*Information supplied*:
>>>>

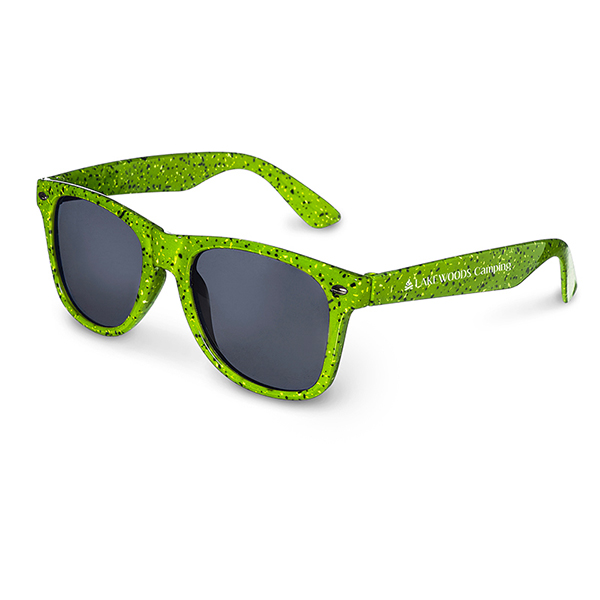 Campfire Sunglasses  Lime Green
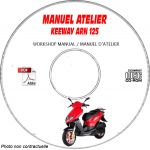 ARN 125 et 150 -06 Manuel Atelier CDROM KEEWAY Anglais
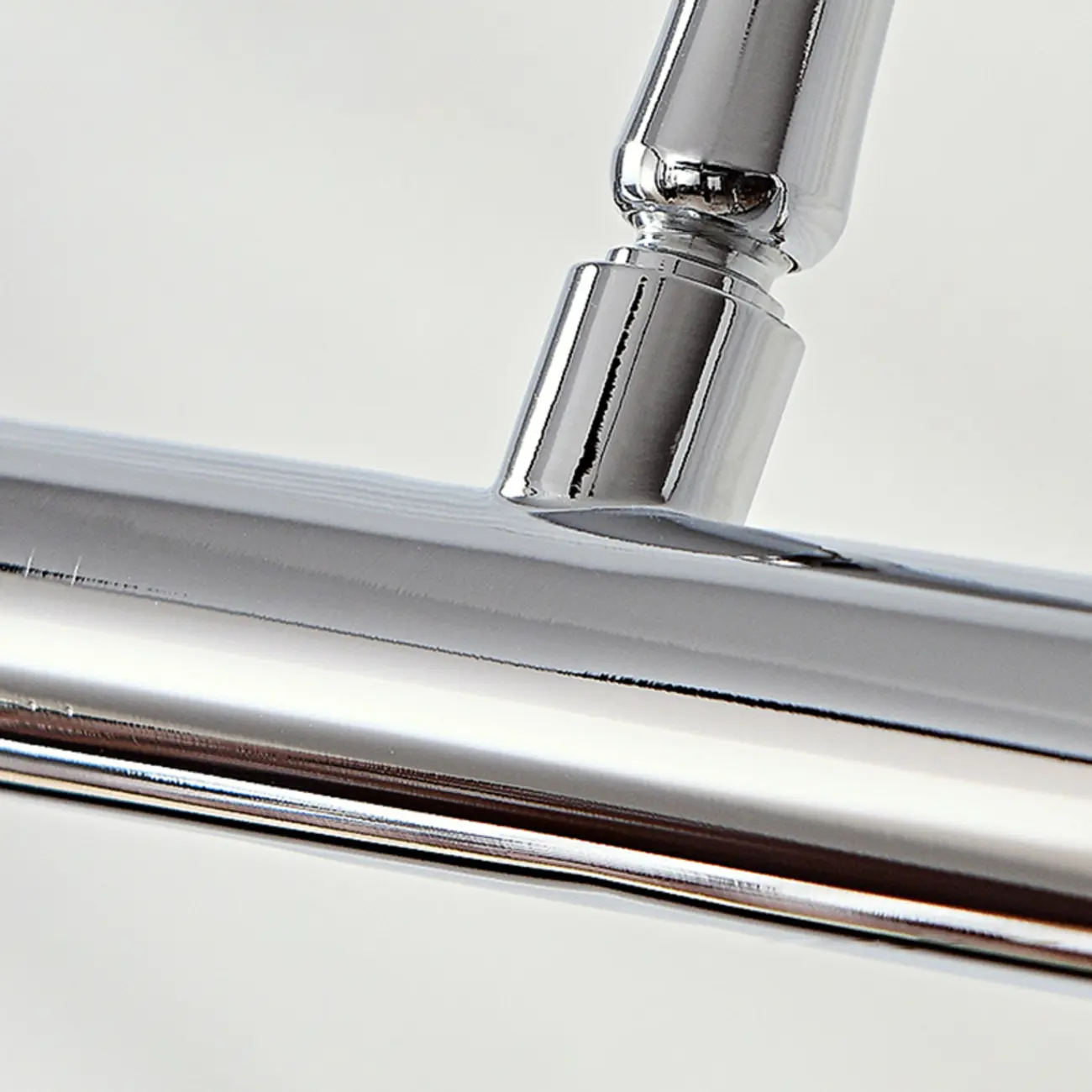 Modern Silver Metal tubular LED Wall Lamp with Angled Arms for Home Decor Image - 7 | homeyfad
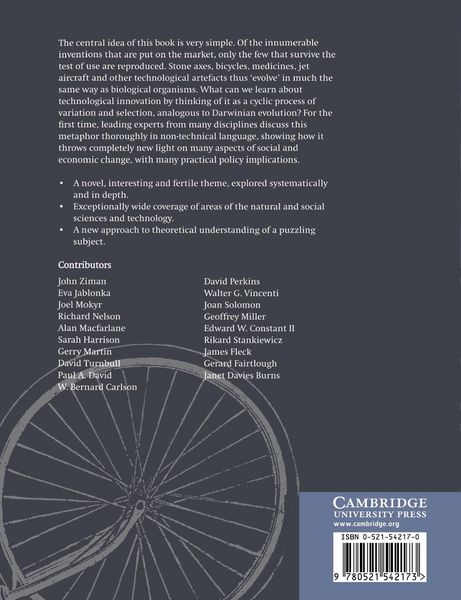 Produktbild: Technological Innovation as an Evolutionary Process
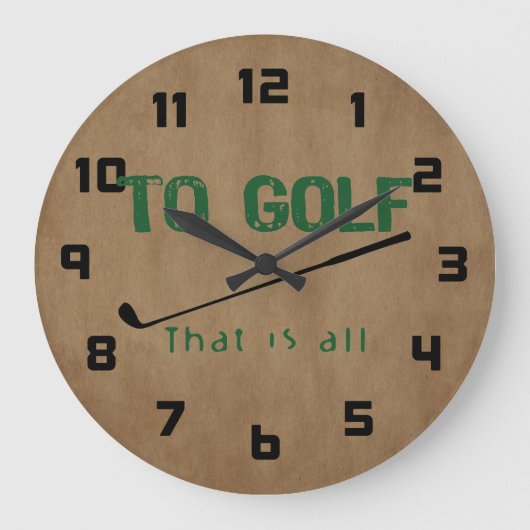 Naar Golf Grote Klok (Voorkant)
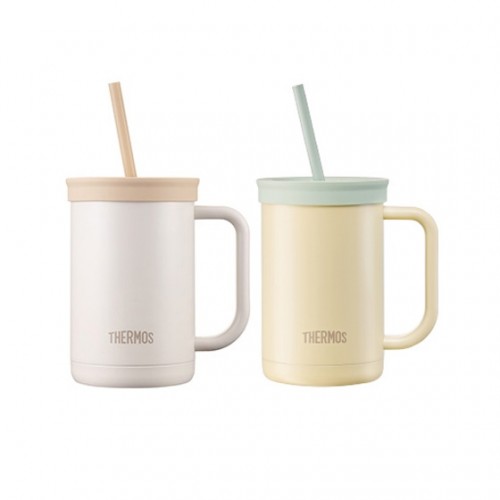써모스 더 콤팩트 스트로 컵앤텀블러 600ml
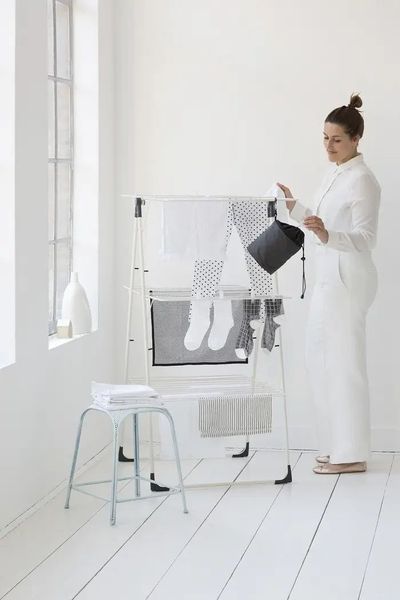 Сушарка для білизни Brabantia Drying Rack 3-ярусна підлогова 23 м Metallic Grey (476648) 476648 фото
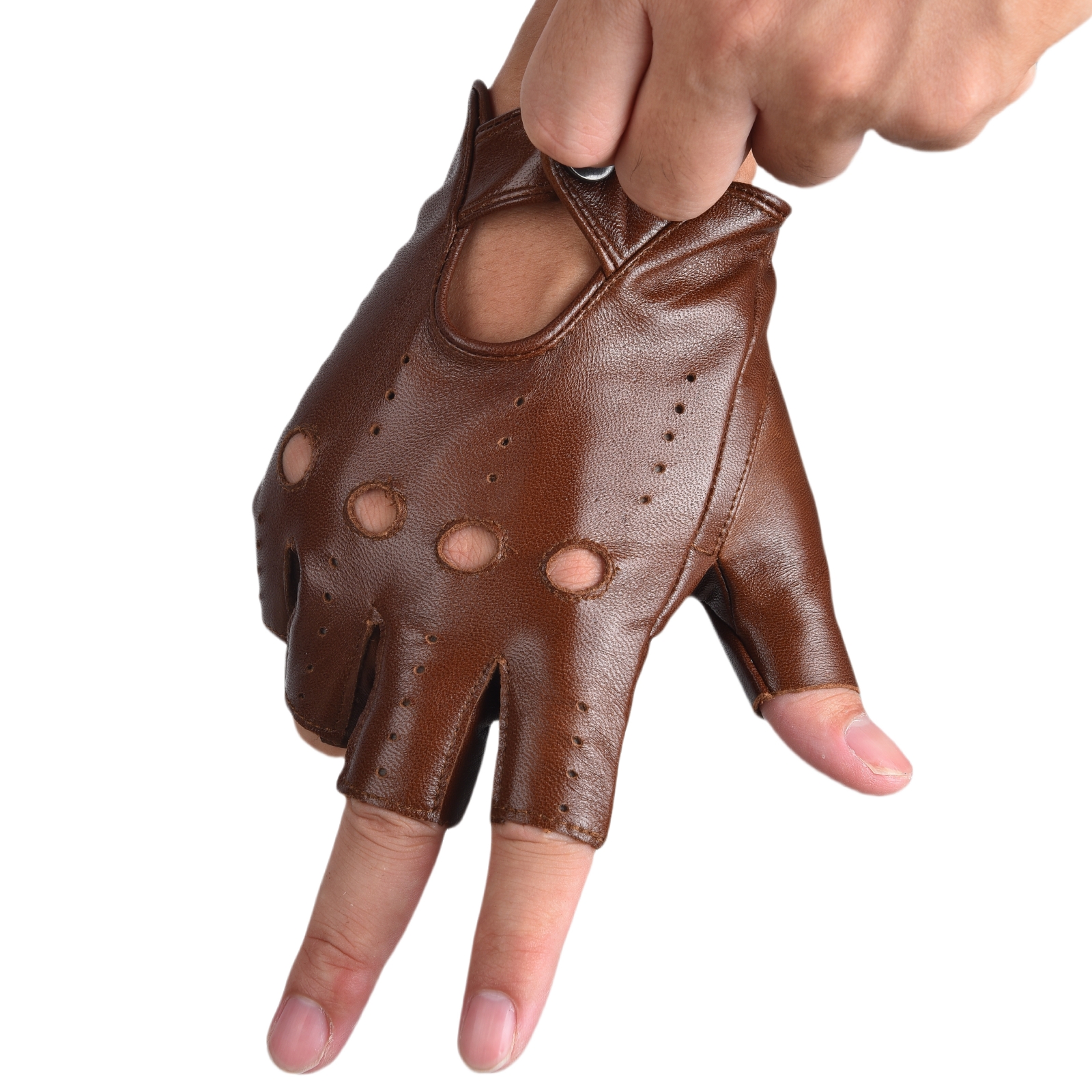Mens Fingerless Half Finger Le – обзор и цена Driving Gloves Leather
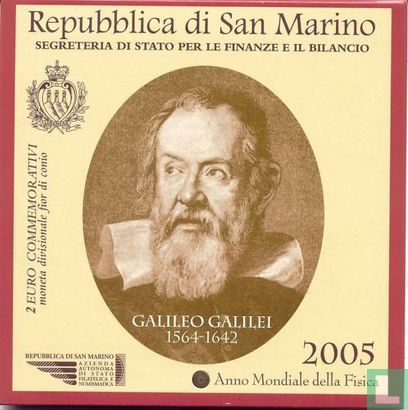 San Marino 2 Euro 2005 (Folder) "World Year of Physics" - Bild 1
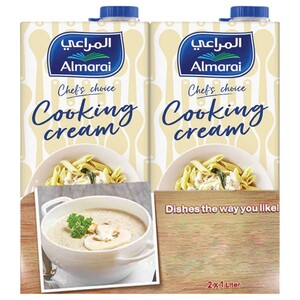 Almarai Cooking Cream Full Fat 1L X2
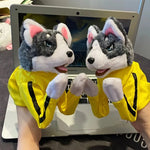 Poupée en peluche avec gants Husky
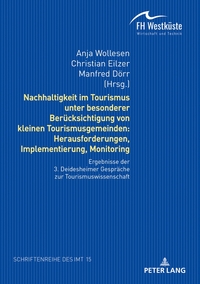 Vorderes Coverbild Nachhaltigkeit im Tourismus unter besonderer Berücksichtigung von kleinen Tourismusgemeinden: Herausforderungen, Implementierung, Monitoring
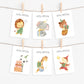 Geburtstagskarten Kindergeburtstag - 6er Set
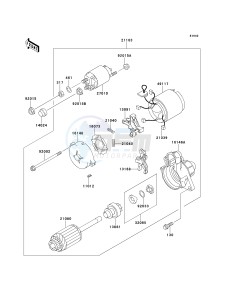 KAF 620 B [MULE 2520 TURF] (B1-B5) [MULE 2520 TURF] drawing STARTER MOTOR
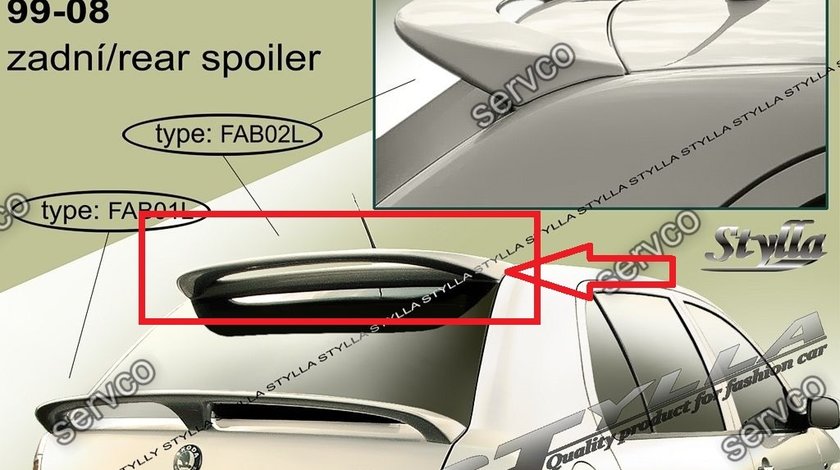 Eleron spoiler tuning sport luneta Skoda Fabia Hatchback HB VRS Mk1 6Y 1999–2007 ver5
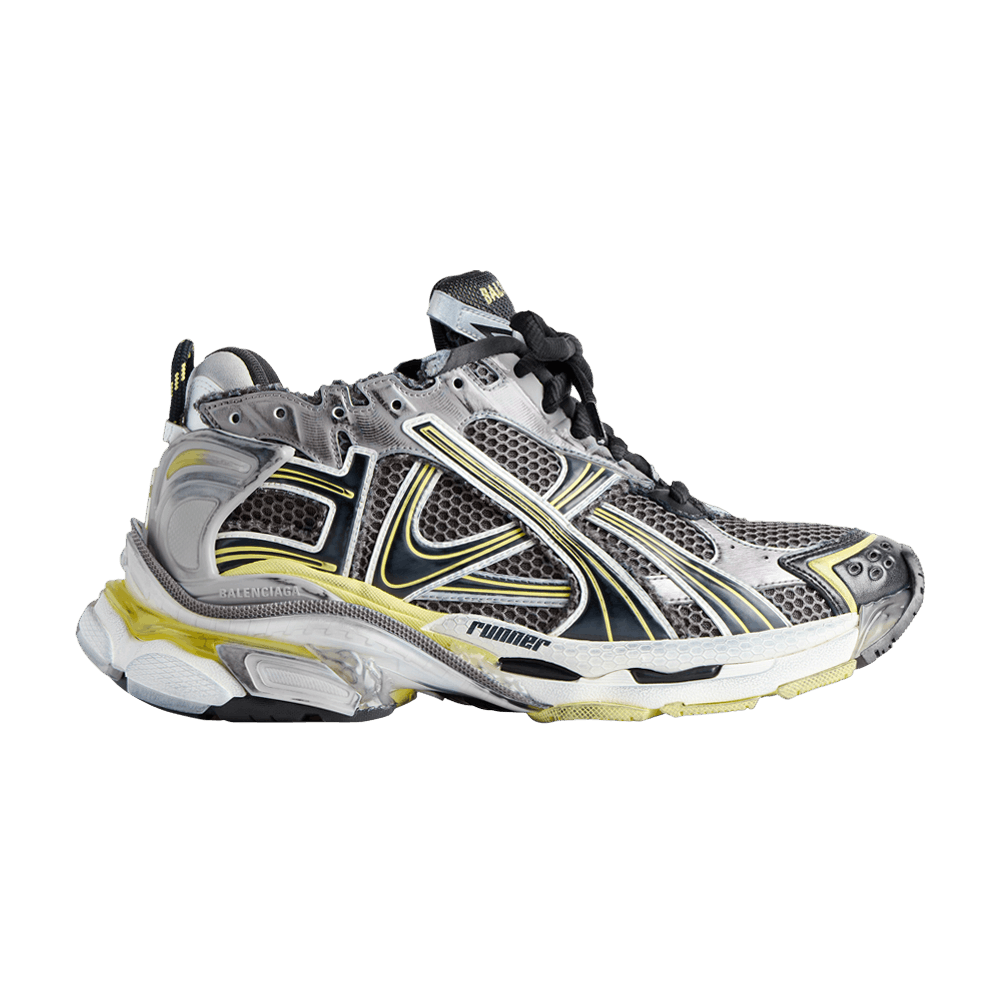 Balenciaga Runner Sneaker 'Worn-Out - Grey Yellow White'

<<<<

*Your assignment*: Return exactly the part of the listing above that opens with the line containing "Modern Silver Metal" and closes with the line containing "Сушарка для білизни". Pictures stay out.

*Solution for this task*:
 Modern Silver Metal tubular LED Wall Lamp with Angled Arms for Home Decor Image - 7 | homeyfad
 Produktbild: Technological Innovation as an Evolutionary Process
 Naar Golf Grote Klok (Voorkant)
써모스 더 콤팩트 스트로 컵앤텀블러 600ml
 Сушарка для білизни Brabantia Drying Rack 3-ярусна підлогова 23 м Metallic Grey (476648) 476648 фото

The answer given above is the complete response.